Measurements for BetP in E. coli polar lipid proteoliposomes with spin labels introduced at positions 450 and 516. (A) Uptake of betaine in nanomolar per milligram protein was measured at 0.6 osmol/kg as a function of time for WT and MTSSL-labeled BetP cysteine variant C252T/G450C/S516C reconstituted into E. coli polar lipid liposomes. Uptake was initiated by adding saturating concentrations of 50 µM [¹⁴C]-betaine. Each value is the mean ± SEM of at least six independent measurements. (B) PELDOR normalized echo amplitude (Norm. Echo Amp.) time traces and assumed background traces (thinner smooth lines) for MTSSL-labeled BetP measured in the presence of 500 mM NaCl (black) or 300 mM NaCl and 5 mM betaine (green). (C and D) Probability of a distance P(r) versus distance (r) between spins derived from Tikonov regularization of the PELDOR time traces in B, before (C) and after (D) subtraction of a Gaussian distribution with a peak at ∼60 Å (see Fig. S2).

Comparison of spin-label distance distributions for BetP with x-ray crystallographic data

We measured the time dependence of spin–spin interactions between probes attached to G450C/S516C of BetP using PELDOR both in the presence and absence of betaine (Fig. 2 B). The resultant traces were translated into distance distributions (see Materials and methods), revealing multiple peaks that span a very wide distance range, from 20 to 80 Å (Fig. 2 C). Using simulated data and rotamer library spin-label predictions, we ruled out the possibility that one or more of these peaks reflects ghost signals due to multi-spin effects (Supplemental text and Fig. S1). Longer-range peaks in these distance distributions are likely to result from interactions across protomers (Fig. S2). We estimated the extent of these interactions using a rotamer library, and then removed the corresponding peaks from the underlying data by subtracting a Gaussian distribution centered at the corresponding peak (∼60 Å; Fig. 2 D; and Fig. S2, C and D).

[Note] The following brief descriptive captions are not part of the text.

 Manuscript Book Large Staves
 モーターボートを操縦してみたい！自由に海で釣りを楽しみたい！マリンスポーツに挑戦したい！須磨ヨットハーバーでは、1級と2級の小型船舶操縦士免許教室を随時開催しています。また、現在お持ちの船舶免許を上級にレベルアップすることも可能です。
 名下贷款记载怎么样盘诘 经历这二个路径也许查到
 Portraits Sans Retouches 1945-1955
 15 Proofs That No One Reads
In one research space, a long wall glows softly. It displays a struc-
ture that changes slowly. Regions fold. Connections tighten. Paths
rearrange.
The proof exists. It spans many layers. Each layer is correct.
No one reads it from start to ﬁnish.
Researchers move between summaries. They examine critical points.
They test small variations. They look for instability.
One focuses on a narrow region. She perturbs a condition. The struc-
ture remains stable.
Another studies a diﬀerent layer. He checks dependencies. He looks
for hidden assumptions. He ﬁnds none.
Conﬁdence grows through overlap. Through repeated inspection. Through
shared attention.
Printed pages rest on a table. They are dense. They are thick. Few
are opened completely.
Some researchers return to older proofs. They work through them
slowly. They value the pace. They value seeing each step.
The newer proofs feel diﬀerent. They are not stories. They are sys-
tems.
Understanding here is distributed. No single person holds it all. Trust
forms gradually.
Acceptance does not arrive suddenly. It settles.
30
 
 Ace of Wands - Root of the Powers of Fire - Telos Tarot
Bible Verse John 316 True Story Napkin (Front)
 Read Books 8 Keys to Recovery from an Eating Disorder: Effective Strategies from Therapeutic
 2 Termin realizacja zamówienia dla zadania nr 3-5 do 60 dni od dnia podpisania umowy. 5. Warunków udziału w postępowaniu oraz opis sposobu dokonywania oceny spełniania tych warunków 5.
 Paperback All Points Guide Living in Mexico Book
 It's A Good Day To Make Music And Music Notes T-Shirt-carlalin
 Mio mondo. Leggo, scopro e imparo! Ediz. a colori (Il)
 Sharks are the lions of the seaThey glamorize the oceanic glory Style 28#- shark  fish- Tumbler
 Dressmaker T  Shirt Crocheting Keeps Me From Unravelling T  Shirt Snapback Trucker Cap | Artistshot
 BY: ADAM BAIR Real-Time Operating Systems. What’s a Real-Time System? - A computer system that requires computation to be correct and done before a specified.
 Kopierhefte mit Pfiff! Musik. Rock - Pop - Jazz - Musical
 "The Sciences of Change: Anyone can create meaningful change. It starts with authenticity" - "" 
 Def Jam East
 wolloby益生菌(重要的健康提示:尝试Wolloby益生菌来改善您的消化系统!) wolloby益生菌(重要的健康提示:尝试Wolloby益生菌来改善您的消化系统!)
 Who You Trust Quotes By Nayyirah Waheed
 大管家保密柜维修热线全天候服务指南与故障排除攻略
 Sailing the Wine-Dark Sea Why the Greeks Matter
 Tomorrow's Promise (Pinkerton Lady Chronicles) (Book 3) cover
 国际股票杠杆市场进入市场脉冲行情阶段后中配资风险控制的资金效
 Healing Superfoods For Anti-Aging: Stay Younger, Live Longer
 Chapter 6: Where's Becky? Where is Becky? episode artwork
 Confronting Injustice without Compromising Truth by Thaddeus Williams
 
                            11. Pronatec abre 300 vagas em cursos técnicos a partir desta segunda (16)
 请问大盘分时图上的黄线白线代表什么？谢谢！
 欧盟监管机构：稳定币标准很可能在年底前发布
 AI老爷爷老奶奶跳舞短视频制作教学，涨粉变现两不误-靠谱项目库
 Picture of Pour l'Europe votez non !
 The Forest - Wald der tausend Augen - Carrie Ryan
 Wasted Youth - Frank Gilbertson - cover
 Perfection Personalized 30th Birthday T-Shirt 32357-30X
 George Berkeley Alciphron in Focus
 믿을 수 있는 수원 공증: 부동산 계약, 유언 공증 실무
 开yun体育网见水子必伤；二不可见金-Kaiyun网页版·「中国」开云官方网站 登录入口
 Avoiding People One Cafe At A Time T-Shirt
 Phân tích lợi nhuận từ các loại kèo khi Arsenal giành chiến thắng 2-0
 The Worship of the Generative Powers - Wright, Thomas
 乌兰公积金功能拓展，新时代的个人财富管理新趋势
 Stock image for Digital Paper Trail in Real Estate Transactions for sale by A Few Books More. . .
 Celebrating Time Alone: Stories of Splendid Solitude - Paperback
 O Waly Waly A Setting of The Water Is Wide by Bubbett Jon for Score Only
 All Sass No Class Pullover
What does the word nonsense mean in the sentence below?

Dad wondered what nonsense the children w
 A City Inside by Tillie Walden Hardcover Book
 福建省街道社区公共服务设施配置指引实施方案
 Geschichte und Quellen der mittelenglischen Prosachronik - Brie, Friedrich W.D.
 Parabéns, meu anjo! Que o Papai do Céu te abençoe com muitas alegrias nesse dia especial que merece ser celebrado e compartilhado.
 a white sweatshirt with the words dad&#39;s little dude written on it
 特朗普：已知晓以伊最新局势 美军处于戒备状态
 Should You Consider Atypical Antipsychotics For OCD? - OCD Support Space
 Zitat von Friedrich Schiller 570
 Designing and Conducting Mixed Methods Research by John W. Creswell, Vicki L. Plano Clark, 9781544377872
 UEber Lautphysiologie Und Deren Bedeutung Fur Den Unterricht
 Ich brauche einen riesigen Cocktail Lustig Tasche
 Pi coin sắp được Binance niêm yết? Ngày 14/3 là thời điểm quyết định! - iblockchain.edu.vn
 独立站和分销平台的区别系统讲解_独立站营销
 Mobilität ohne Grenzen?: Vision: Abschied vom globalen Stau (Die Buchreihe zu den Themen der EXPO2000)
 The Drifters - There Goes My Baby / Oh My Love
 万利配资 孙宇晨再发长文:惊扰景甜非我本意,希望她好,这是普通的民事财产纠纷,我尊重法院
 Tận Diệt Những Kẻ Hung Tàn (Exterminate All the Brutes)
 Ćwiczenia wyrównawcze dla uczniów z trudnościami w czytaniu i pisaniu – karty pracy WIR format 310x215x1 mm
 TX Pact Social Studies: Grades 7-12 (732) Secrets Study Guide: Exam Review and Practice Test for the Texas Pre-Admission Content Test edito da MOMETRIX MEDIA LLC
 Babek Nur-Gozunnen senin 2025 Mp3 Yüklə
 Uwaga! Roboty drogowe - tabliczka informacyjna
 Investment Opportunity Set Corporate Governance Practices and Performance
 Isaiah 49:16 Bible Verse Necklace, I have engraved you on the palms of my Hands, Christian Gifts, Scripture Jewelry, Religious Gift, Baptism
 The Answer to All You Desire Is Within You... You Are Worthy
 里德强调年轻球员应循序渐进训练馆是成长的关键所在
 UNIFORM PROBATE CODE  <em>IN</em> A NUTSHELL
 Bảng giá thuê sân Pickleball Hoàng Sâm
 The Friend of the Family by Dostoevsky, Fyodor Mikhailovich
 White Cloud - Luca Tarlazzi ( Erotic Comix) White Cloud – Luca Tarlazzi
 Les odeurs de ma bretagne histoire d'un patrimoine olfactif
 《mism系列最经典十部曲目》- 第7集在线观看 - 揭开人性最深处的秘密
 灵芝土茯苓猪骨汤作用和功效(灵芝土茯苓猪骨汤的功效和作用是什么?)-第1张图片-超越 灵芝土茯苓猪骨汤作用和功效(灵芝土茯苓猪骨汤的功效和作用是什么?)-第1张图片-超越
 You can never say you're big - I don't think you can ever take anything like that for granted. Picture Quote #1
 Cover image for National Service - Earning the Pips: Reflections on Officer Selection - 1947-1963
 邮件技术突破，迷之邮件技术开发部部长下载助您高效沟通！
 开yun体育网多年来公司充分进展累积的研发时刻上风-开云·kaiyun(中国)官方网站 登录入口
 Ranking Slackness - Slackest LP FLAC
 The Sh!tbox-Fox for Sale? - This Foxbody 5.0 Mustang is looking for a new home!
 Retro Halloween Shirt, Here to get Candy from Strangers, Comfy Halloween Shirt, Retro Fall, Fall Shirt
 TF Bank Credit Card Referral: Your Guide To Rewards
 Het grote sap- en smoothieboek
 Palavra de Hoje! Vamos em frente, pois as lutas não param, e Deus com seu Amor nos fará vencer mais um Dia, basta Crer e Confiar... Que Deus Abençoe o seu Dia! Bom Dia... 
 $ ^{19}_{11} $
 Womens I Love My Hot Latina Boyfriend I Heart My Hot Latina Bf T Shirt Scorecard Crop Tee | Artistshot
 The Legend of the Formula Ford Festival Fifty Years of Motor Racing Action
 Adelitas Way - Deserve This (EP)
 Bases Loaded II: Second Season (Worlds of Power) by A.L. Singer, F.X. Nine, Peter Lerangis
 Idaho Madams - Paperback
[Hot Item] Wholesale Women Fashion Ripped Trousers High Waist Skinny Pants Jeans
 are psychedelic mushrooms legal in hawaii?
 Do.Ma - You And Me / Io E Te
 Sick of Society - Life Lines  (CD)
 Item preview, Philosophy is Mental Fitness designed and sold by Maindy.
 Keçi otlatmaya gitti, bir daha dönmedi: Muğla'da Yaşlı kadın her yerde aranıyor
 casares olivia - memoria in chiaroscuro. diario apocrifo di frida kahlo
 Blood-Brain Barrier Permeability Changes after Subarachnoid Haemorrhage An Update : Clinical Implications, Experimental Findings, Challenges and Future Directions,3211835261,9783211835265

Comparison of the distance distributions obtained under the two measured conditions indicates the appearance of a significant population at ∼25 Å upon the addition of betaine (Fig. 2, C and D). An intuitive interpretation of the appearance of this peak might be that, in the presence of all required substrates, the extracellular pathway is able to close, enabling the spins to get closer together. This interpretation would be consistent with the observation that the backbone Cα atoms in the inward-facing structures of BetP are somewhat closer (∼1–2 Å) than in the outward-facing conformation for the equivalent ligand-bound configuration (Table S2). However, the difference in the distances between the crystal structures (Table S2) is substantially smaller than the width of the measured spin-label distance distributions. Such a discrepancy may be accredited in part to the flexibility of the probes, which can lead to peak widths of ∼10 Å even when attached to a rigid protein backbone (Polyhach et al., 2011; Roux and Islam, 2013; Marinelli and Faraldo-Gómez, 2015). However, the protein segment to which the probe(s) are attached may also be more dynamic in one conformation than another. Thus, interpretation of the differences between the distributions in the two conditions is nontrivial.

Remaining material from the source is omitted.